5. I'JÁZ-I KHUSRUWÍ.

[This work, sometimes called Inshá-i Amír Khusrú, is a collection of farmáns, despatches, and letters by Amír Khusrú. It is rather an extensive work. A MS. belonging to Nawáb Zíáu-d dín, of Dehli, consists of 382 pages of small writing, nineteen lines in the page. The documents it contains are, as usual, written in the most grandiloquent style, a very small amount of information being wrapped up in a bewildering maze of words. The following abstract, made by a munshi, of a portion of one despatch, relates to a matter upon which the historians are silent. Barní says nothing of 'Aláu-d dín's ascendancy at Ghazní, and Firishta (I. 364) speaks only of plundering expeditions into that and the neighbouring countries.]

EXTRACT.

Abstract (Book IV., Sec. iii., Letter 3) of part of an Arz-dásht of Hájib Badr to the address of Prince Khizr Khán, the eldest son of Sultán 'Aláu-d dín Khiljí. The letter has no date.
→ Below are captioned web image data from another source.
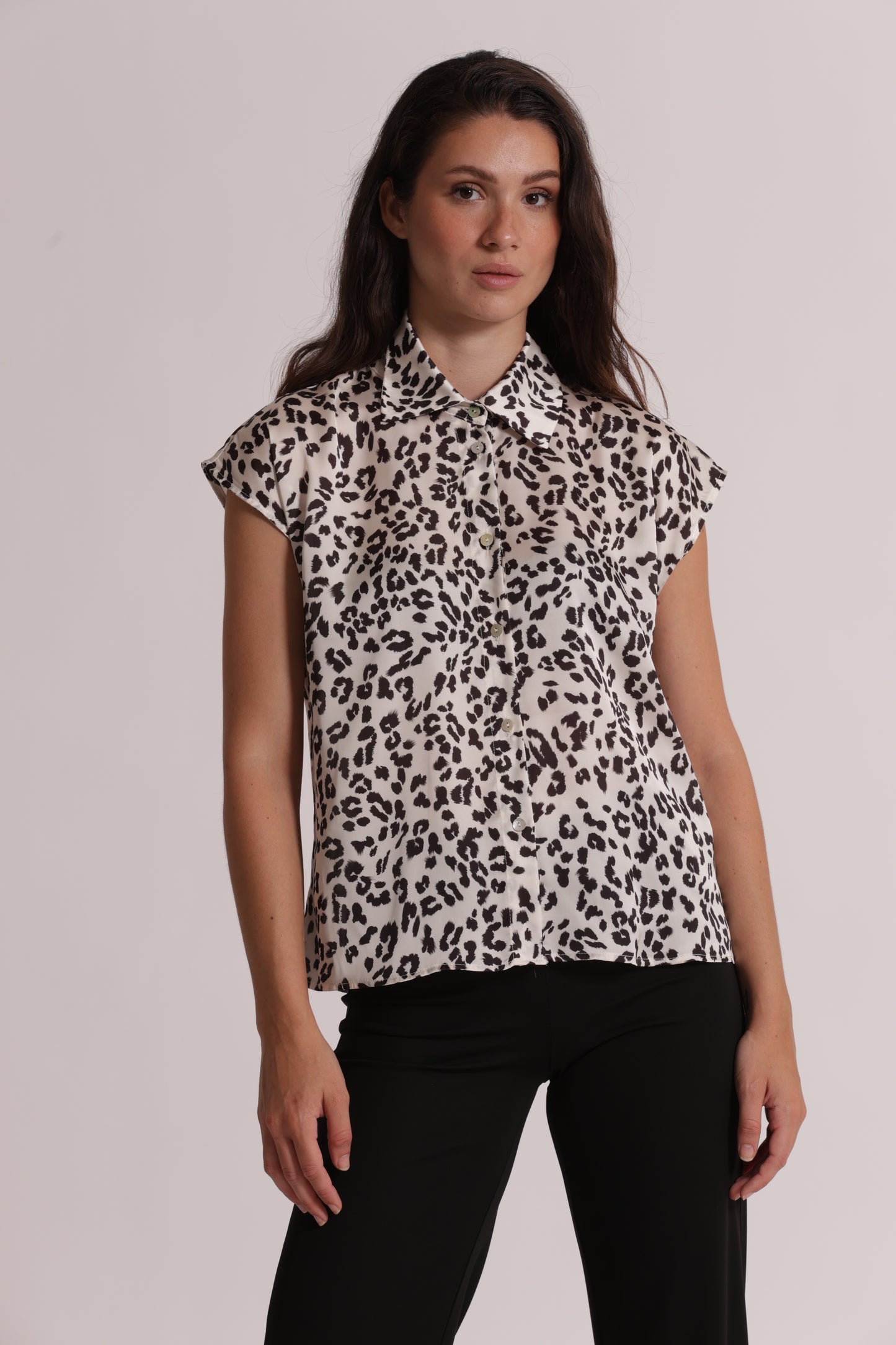 CAMICIA MANICHE CORTE ANIMALIER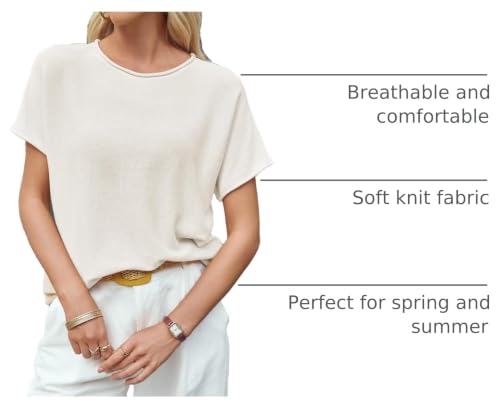 Image of Saodimallsu Women's Short Sleeve Lightweight Casual Crewneck Loose Fit Knit T-Shirt
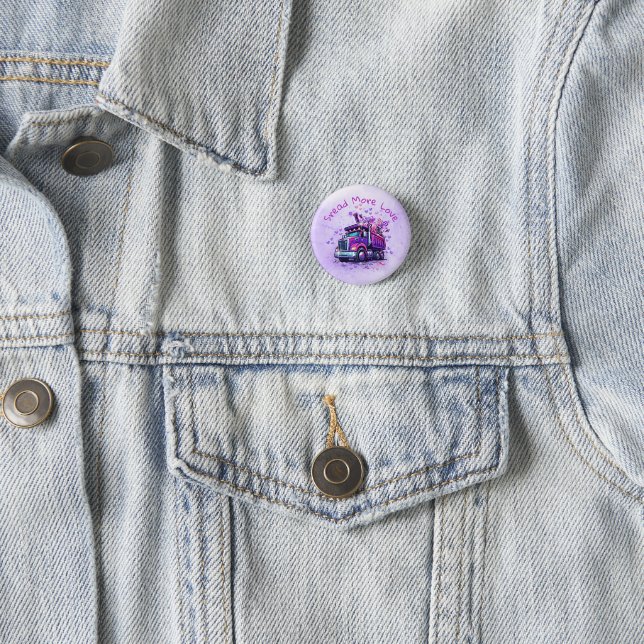 Fun Purple Dump Truck Spreading Love  Button (In Situ)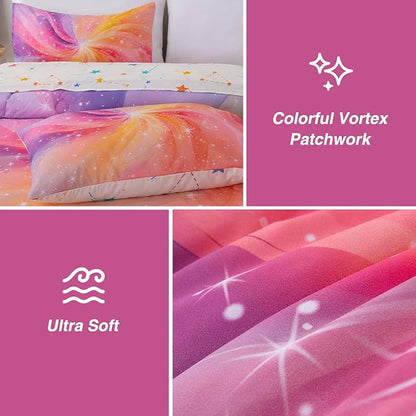 A Nice Night 6Pcs Twin Swirling Galaxy Dreamy Comforter Set, Colorful Rainbow Gradient Glitter Tie Dye Comforters, Ultra Soft Bedding Set (Purple-Pink, Twin 6Pcs)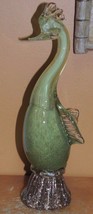 Art Glass Crane / Bird Yellow 11&quot; aventurine inclusions unmarked Italian... - $42.74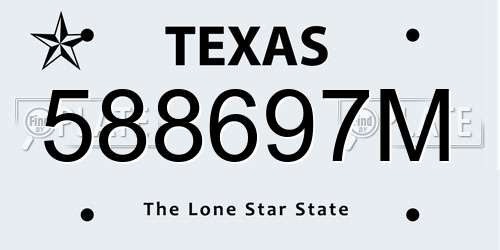 588697M Texas License Plate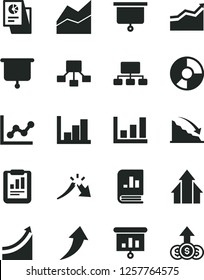 Solid Black Vector Icon Set - line chart vector, graph, negative histogram, recession, a crisis, statistical report, scheme, hierarchical, ring diagram, book on statistics, research, presentation
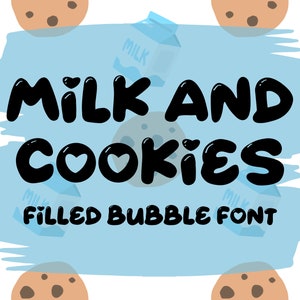May include: A blue and white watercolor background with the text "Milk and Cookies" in a black bubble font. The text is surrounded by brown cookies with chocolate chips.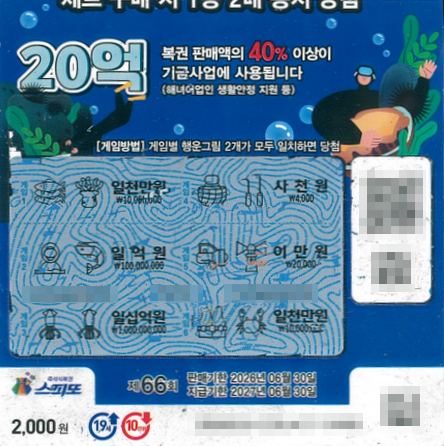 스피또2000 66회 1등 담첨복권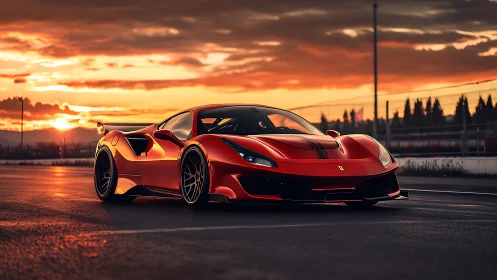 Red Italian supercar cuts sleek silhouette under fiery sunset.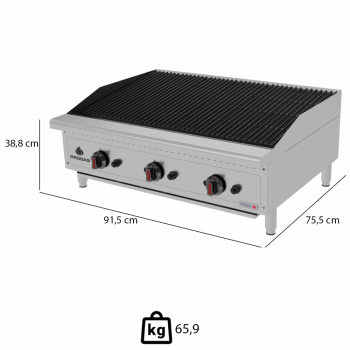 Chapa Char Broiler Progás Profissional PRO-90 CB A Gás Bancada 90cm P44601
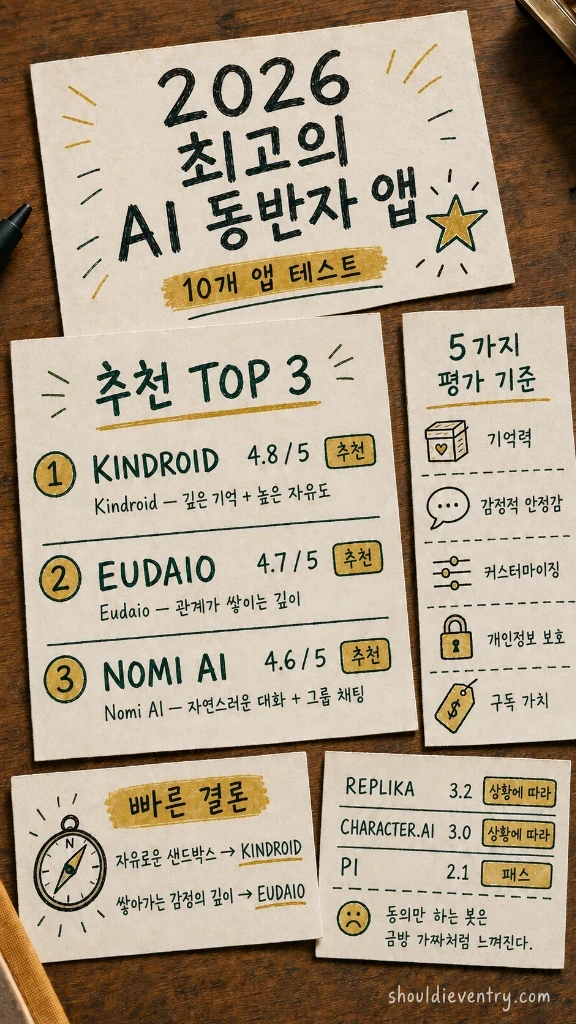 2026년 최고의 AI 동반자 앱 요약 인포그래픽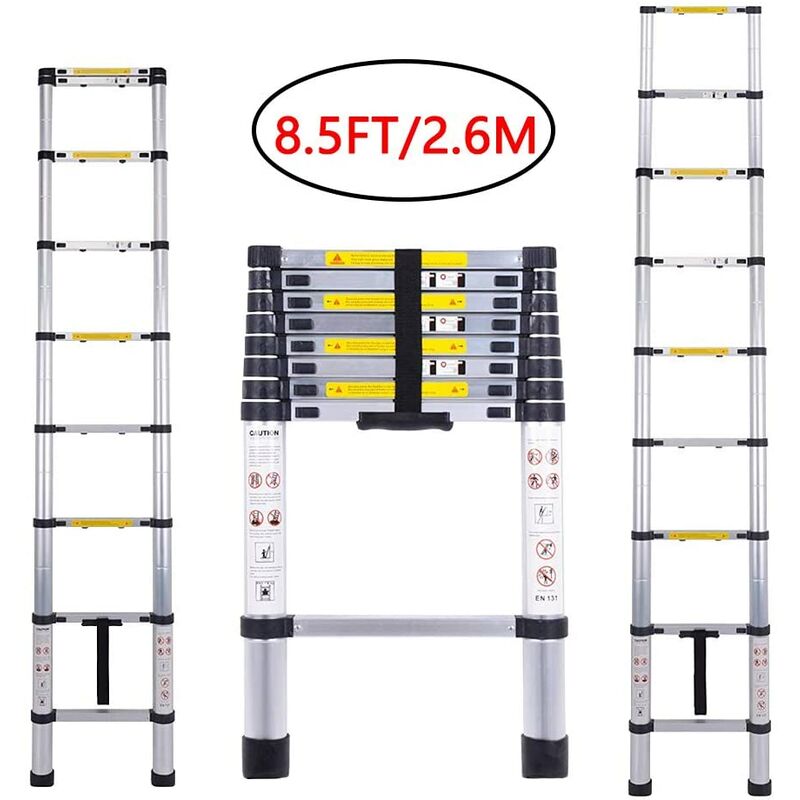 

Jeobest - Escalera telescópica de aluminio de 2,6 m con 9 escalones y longitud máxima de 470 cm, capacidad de carga de 150 kg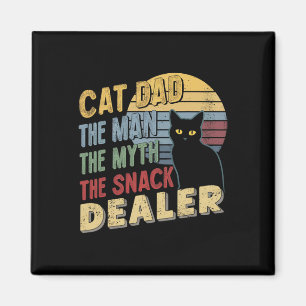 Retro Black Cat Papa Het Man De Mythe De Snack Dea Magneet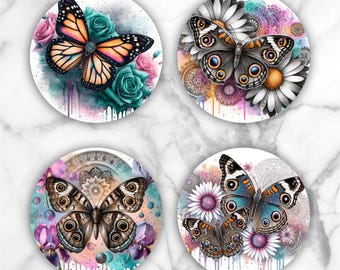 4" Butterfly Round Coaster Sublimation Transfer Sheet: 4 Per Sheet-Ready to Press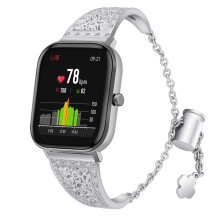 Stainless Steel Replacement Watch Band for IDW13, Adjustable Rhinestone Bracelet Strap Silver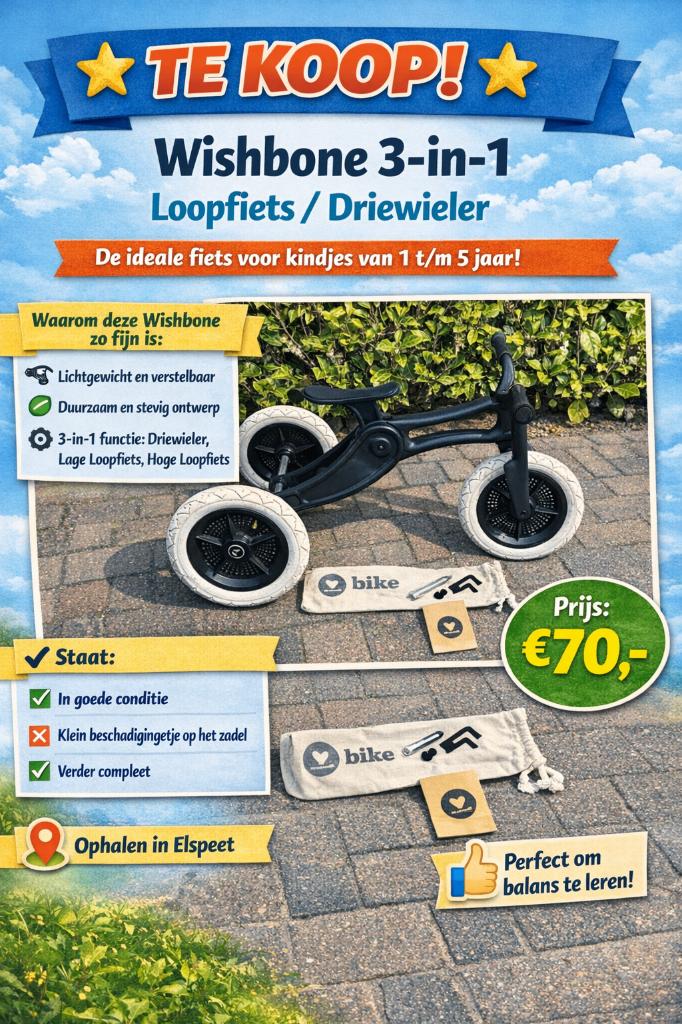 Wishbone 3‑in‑1  Driewieler / Loopfiets €70, Fietsen en Brommers, Ophalen, Zo goed als nieuw, Wishbone, Verstelbare zitting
This servant, Badr, begs to state, for the information of his high­ness Prince Khizr Khán, son of Iskandar-i sání ('Aláu-d dín), that, according to the royal orders, he marched with an army, and, after travelling through the various stages, he reached the banks of the Indus. He crossed the river in boats, and, proceeding onwards, arrived at Ghaznín in winter. The season was exceedingly cold. The Mughals of the place were in great alarm, from fear of the Musulmán army. But when the purport of the royal farmán was read to them, they became comforted, expressed their obedience, and were happy. As the king had ordered that the khutba of his name should be read in Ghaznín, all the Muhammadans, who had con­cealed themselves in mountains and ravines, as well as all the elders and principal Musulmáns of Ghaznín, who were looking with the eye of expectation towards Dehli, assembled in the Jámi' Masjid of the city, and on Friday the khutba was read in the name of Sultán 'Aláu-d dín. The noise of the acclamations of joy and congratulations rose high from all quarters. The vest of honour, which was sent by the king for the reader of the khutba, was put on his shoulders. One of the walls of the mosque, which was decayed and had fallen down, was newly raised.

On the same Friday, before the assembly of the Muhammadans, when the name of the king was pronounced in the khutba, he (Badr) offered, near the pulpit, the jewels which he had brought with him, and also one plate full of gold. He threw them down on the earth, and people fell on them and picked them up. The Mughals saw this from the top of the walls of the Masjid, and spoke something in their own tongue. In these days some of the infidels have embraced the Muhammadan faith.